▶ **YOUR ASSIGNMENT**: The goal is a clean copy of all the data below, with pictures dropped and everything else retyped exactly.

▶ **MATERIAL PROVIDED**:
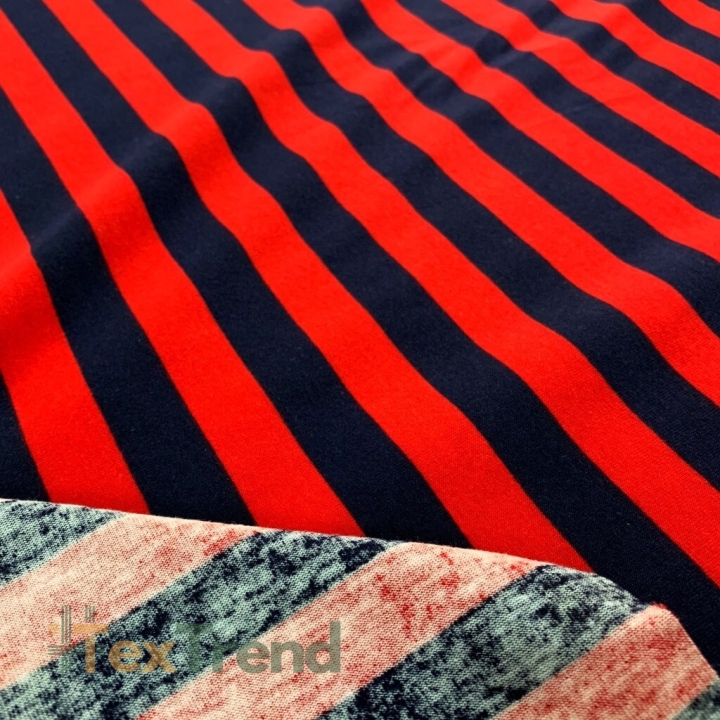 Jersey-Stoff Streifen rot-marineblau  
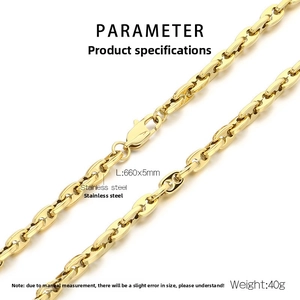 Detailed specs of the 660mm gold stainless steel coffee bean link chain necklace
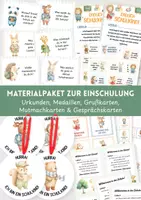 Vorschau - Fördermaterial/Inklusion - Einschulung Materialpaket | Schulanfang, 1. Schultag, Kennenlernen, Urkunden, Medaillen & Mutmachkarten - Deckblatt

▶ **RESPONSE TO THE EXERCISE**:
 Jersey-Stoff Streifen rot-marineblau  
 Detailed specs of the 660mm gold stainless steel coffee bean link chain necklace
 Vorschau - Fördermaterial/Inklusion - Einschulung Materialpaket | Schulanfang, 1. Schultag, Kennenlernen, Urkunden, Medaillen & Mutmachkarten - Deckblatt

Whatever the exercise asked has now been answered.